All of a sudden, 360-degree content is the rage – or, at least, that’s what YouTube, Facebook, and a bunch of camera makers would like you to think. These cameras can shoot a spherical (or nearly spherical) panoramic image – in one shot – and are being driven to the forefront by the growth in virtual reality. Ricoh has been making its Theta-series of 360-degree cameras for some time, but its new Theta S is the most refined yet. Image resolution has increased, and it now supports Full HD (1,920 x 1,080 pixels) video capture. Despite its simplicity and ease of use, there are still some early-gen shortcomings. But, for a consumer gadget, it’s the most fun we’ve had from such a camera.
Features and design
Jim Malcolm, president of Ricoh in the Americas, told Digital Trends that for a camera like this to win consumers, it has to be easy to use, and it doesn’t get simpler than the Theta S. Imagine holding a TV remote control in your hand. That’s essentially what it feels like in your hand, and it even looks like one too. Measuring 1.7-inches wide, 5.1-inches tall, and 1-inch deep, the Theta S is not any larger than a smartphone and it fits comfortably in most clothing pockets.
Along one side are buttons for power, wireless, and photo/video (shooting mode). Turning on the wireless lets you pair it with the Theta mobile apps for iOS or Android; leave it off to save power. The Theta S can shoot 14-megapixel photos or Full HD videos, and pressing the photo/video button switches between the two.
The other physical control is the shutter button. Pressing it once will snap a 360-degree photo or start recording video; to stop, just press it again. Again, that’s as easy as it gets. (The camera offers a few more functions through the app, which we will discuss later.) There’s no LCD, but there are two status lights indicate what the camera is doing and what mode it’s in, respectively.
At the bottom is a Micro USB port for charging and data transfer to a computer, Micro HDMI port for mirroring content on a display, and tripod mount. At the top are the built-in microphone and speaker (for the beeps it makes).
The Theta S is Ricoh’s fourth version of the Theta-series, but it’s really a new beginning.
The main feature is the two cameras, one on either side. They each have an f/2 aperture lens, and a 12-megapixel 1/2.3-inch sensor (equivalent to a basic pocket camera). When you press the shutter button, the two cameras simultaneously shoot the 360-degree image or video (180 degrees from each camera, which are then stitched in-camera).

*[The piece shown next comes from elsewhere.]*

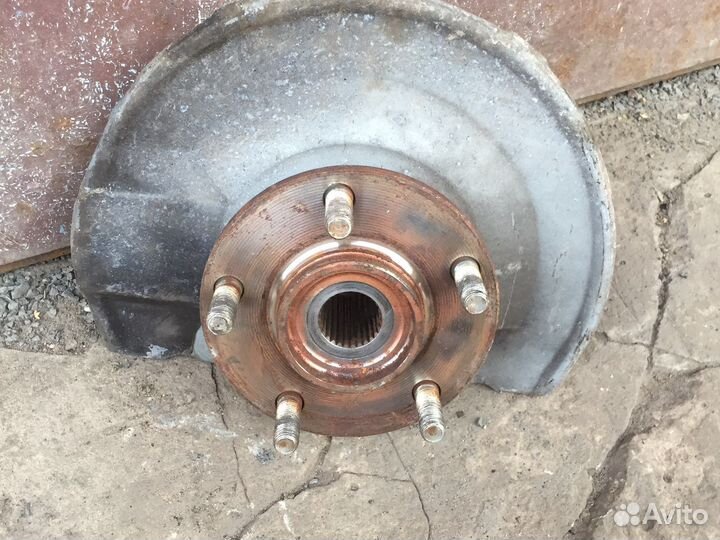 Кулак передний правый Mitsubishi Outlandr 3 (2020)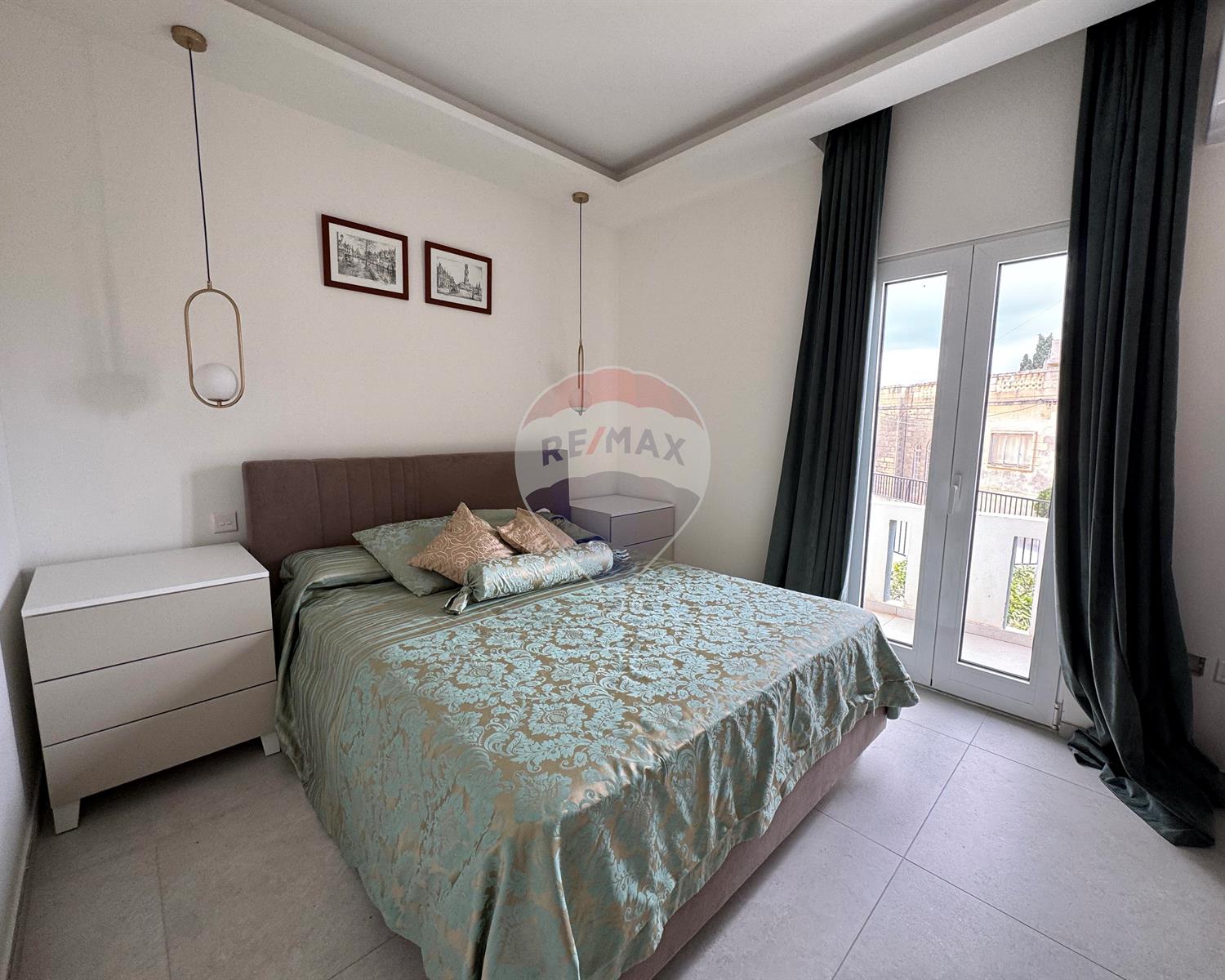 Villa Semi-detached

The internal 8GB battery can store up to 1,600 photos at 5,376 x 2,688 (or 9,000 if you scale it down to 2,048 x 1,024), or up to 65 minutes (total) for video; there is no way to expand storage. We wish Ricoh had opted for higher-capacity storage; the files are large, particularly video, and you can quickly run out of room if you’re shooting all day.
The Theta S is Ricoh’s fourth version of the Theta-series, but it’s really a new beginning. With the previous Theta cameras, Ricoh was testing the waters – to see if there might be a consumer demand. With the 360 camera market growing (thanks to the push from virtual reality) and support from the industry (Facebook, YouTube, and Google Street View are some of the major services that support content created with the Theta), the Theta S is Ricoh’s real attempt to own this space. Compared to the previous Theta M15, which is still for sale, the Theta S has two larger-sensor cameras and improved photo and video capture, while retaining the ease of use.

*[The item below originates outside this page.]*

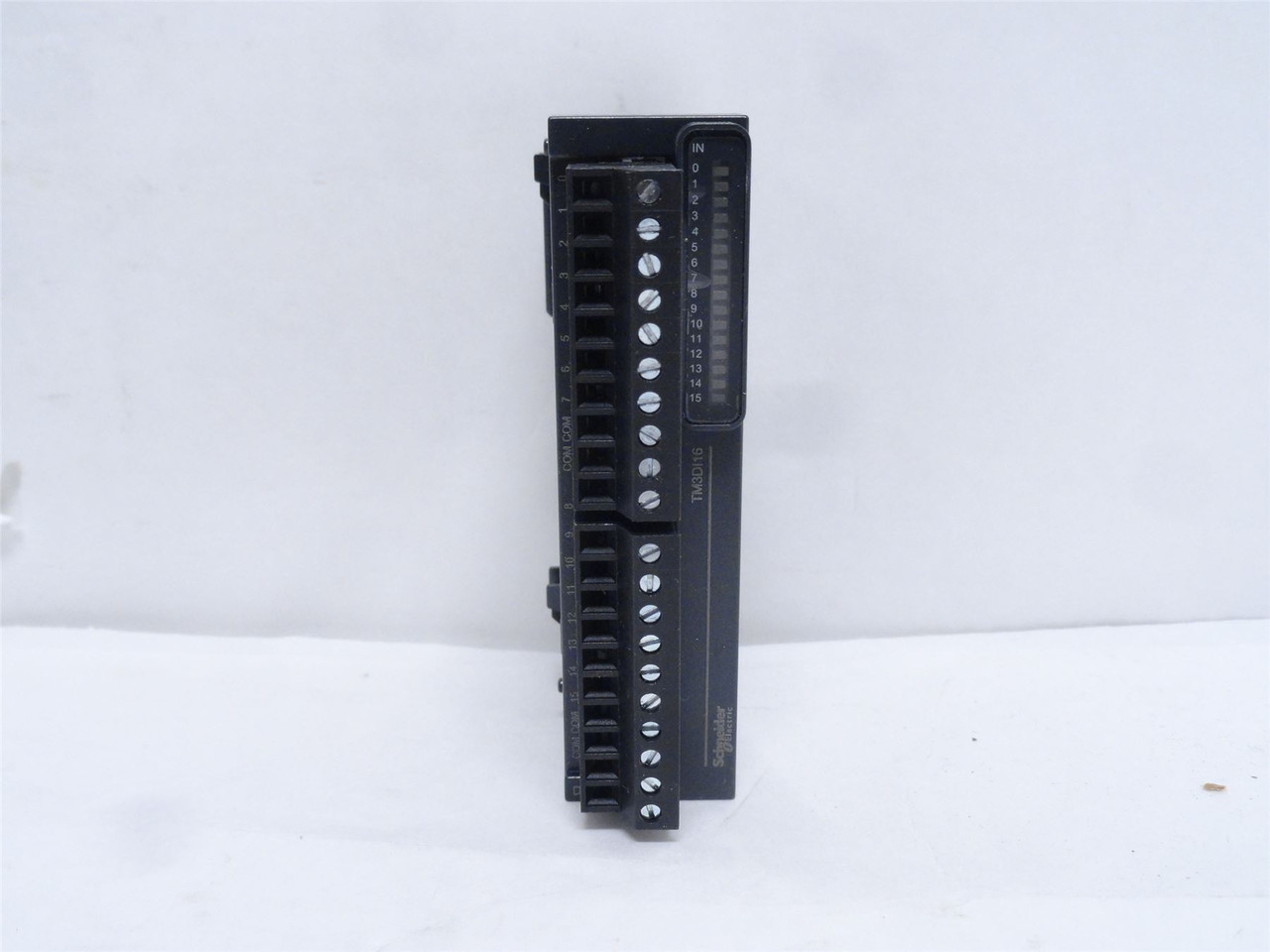 Schneider TM3DI16; Discrete Input Module; 24VDC; 16 Inputs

The battery life is rated for 260 photos.
Performance and use
At its simplest, the Theta S is a no-brainer to use. Turn it on, pick a shooting mode, and press the shutter button. Although you are shooting blindly, it’s capturing a 360-degree panorama, so you’re getting nearly everything in one shot (there is no single-camera mode, so you can’t use it as a “regular” camera, but you can crop the image in post-editing). The camera is quick and responsive, but it can get hot if it’s left on for a long period of time. There’s no wrong way to hold the camera, however, it’s best keep it upright; otherwise it affects how the image rotates when you view it. One thing to note is that while the Theta S captures a fully spherical view, the part of the image where the camera would be in your hand may look a little weird.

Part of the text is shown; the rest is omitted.